Читать книгу Secondary Metabolites of Medicinal Plants - Bharat Singh - Страница 41

Cell suspension culture studies of A. nobilis were established from friable callus Murashige and Skoog (MS) culture medium supplemented with 6-benzylaminopurine (BAP) and indole-3-butyric acid (IBA). Growth kinetic studies were conducted by adopting settled cell volume and fresh/dry cell weight method. Two culture systems were used as growth medium (MS) and production medium (modified M9 medium) for production of cell biomass and naphthaquinones. The experimental results revealed that incubation under dark period enhanced the production of cell biomass and naphthaquinones. In case of production medium, absence of Na₂SO₄ was not effective in increasing the production naphthaquinones but increased the level of naphthaquinones production in air-lift bioreactor (Malik et al. 2008; Gupta et al. 2014). Similarly, a Box–Behnken statistical design was established as a bioreactor, which increased the production of acetyl shikonin in A. nobilis (Subramaniam et al. 2015). Increased naphthaquinones production was reported in culture media supplemented with KH₂PO₄ and K₂HPO₄ rather than NaH₂PO₄. In situ extraction resulted in significantly higher yield of naphthoquinone derivatives than control, along with higher volumetric and specific productivities. High-performance liquid chromatography (HPLC) analysis revealed that acetyl shikonin synthesized as the major naphthoquinone derivative than other compounds (Kumar et al. 2011; Malik et al. 2016). The nutritional factors like as phosphate supplementation in medium was observed as one of the most important nutritional factor affecting yield of both cell biomass and naphthaquinones (Saito 1993). The M9 medium containing KH₂PO₄ as the phosphate source increased on yield of naphthaquinones (Fujita et al. 1981a,b).

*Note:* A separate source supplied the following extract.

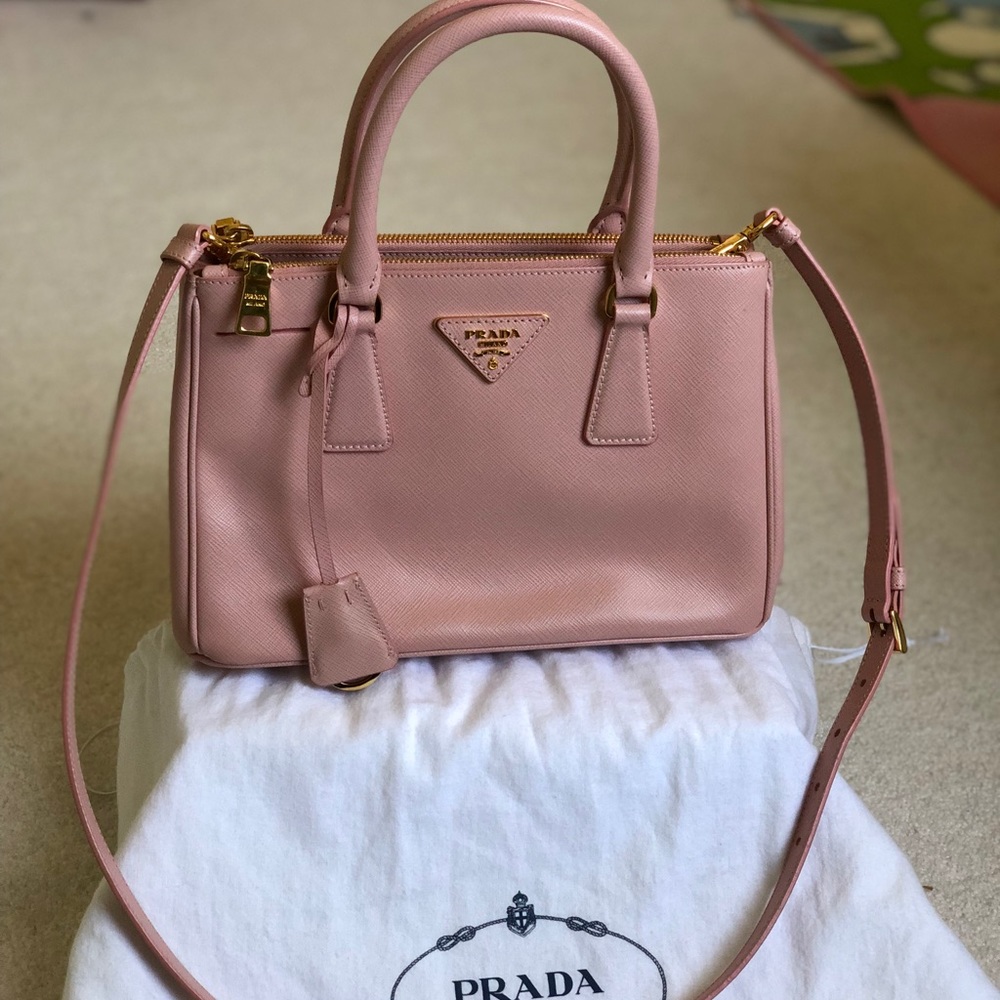 2013 Prada Galleria Mini Saffiano Leather Bag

The hairy root cultures provide an efficient method for increasing the production of shikonin in A. hispidissima. The nodal of plant material were infected with Agrobacterium rhizogenes followed for the development of hairy roots. The composition of medium was optimized for the induction of shikonin and found that RC medium showed rapid growth of cell biomass and induction of accumulation of shikonin. The production of shikonin was eightfold higher than control (Chaudhury and Pal 2010). The media combination was found to be the most suitable factor for induction of root cultures as well as shikonin production. Higher levels of IBA induced callusing from the roots. Some surprising results were also observed wherein roots were not submerged in the culture medium first, increased in length, and then started alkannin production. The synthesis alkannin occurred only in the upper surface of the roots tissue while synthesis was not reported in the inner surface in case of A. hispidissima (Bozan et al. 1999; Shekhawat 2012).

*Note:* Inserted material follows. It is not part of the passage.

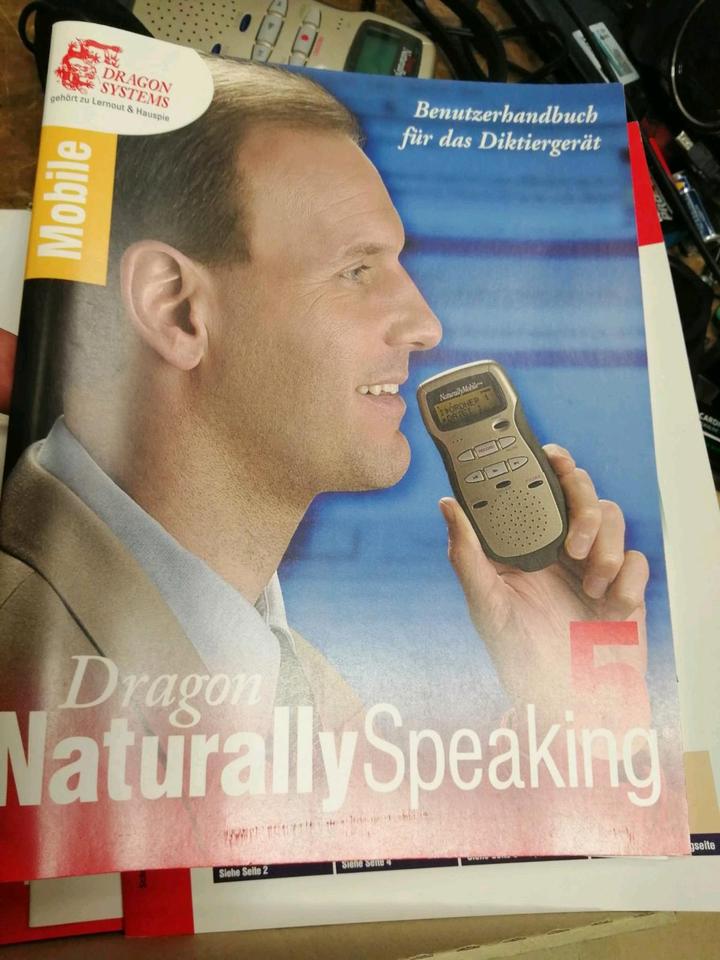 DRAGON Naturally Speaking 5, mobiles Diktiergerät, mit Zubehör!!!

Deoxyalkannin, alkannin, acetylalkannin, isobutyryl alkannin, β-hydroxyisovalerylalkannin, 2″-(S)-α-methylbutyryl alkannin, propionyl alkannin, teracrylalkannin, and acetyl shikonin were isolated from A. euchroma in vitro cultures. Similarly, methyl jasmonate and 1-monoglyceryl oleate, palmitate and stearate were also isolated from this genus (Damianakos et al. 2012). Arnebacene and arnebidin, along with arnebin-7 and vanillic acid, were isolated from the A. hispidissima roots (Ahmed et al. 2014). The cell culture medium of A. euchroma was elicited with phenylalanine to increase the production of shikonin, acetyl shikonin, and isobutyryl shikonin. Phenylalanine is considered as a key factor of phenylpropanoid pathway and found that it induced cell proliferation to promote the production of compounds. Phenylalanine was induced the cell biomass production up to 12-fold and production of compounds up to eightfold (Syklowska-Baranek et al. 2012a).

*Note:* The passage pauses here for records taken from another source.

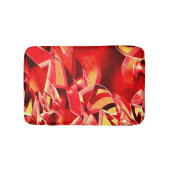 動きをシミュレートするスクラッチされた赤いリボン バスマット (正面)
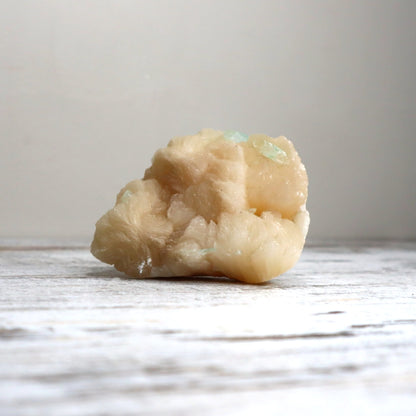 Green Apophyllite on Stilbite Cluster | Calm, Intuition &amp; Heart-Centred Clarity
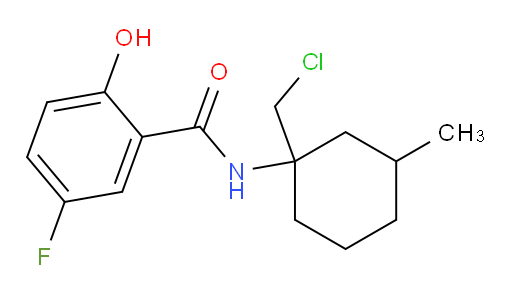 N-(1-(chloromethyl)-3-methylcyclohexyl)-5-fluoro-2-hydroxybenzamide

Elicitation studies of Rhizoctonia solani, methyl jasmonate, and salicylic acid were conducted for shikalkin production in A. euchroma callus. For the regeneration of callus, various types of explants (leaf, collar, and root) were inoculated onto LS medium. Maximum shikalkin biosynthesis was stimulated by White medium supplementing with indole-3-acetic acid (IAA) and kinetin. R. solani increased the pigment production by sevenfold higher than control. It is suggested that in polysaccharides of the fungal cells, a cascade of signaling induced the expression of genes those involved in the biosynthesis of shikalkin (Arghavani et al. 2015). Arnebia species in vitro culture research has been widely dedicated to improving shikonin production by application of various strategies, among them changing medium composition, addition of different elicitors, and various in situ extraction methods (Fu and Lu 1999; Ge et al. 2006; Chaudhury and Pal 2010; Kumar et al. 2011; Malik et al. 2011; Shekhawat and Shekhawat 2011).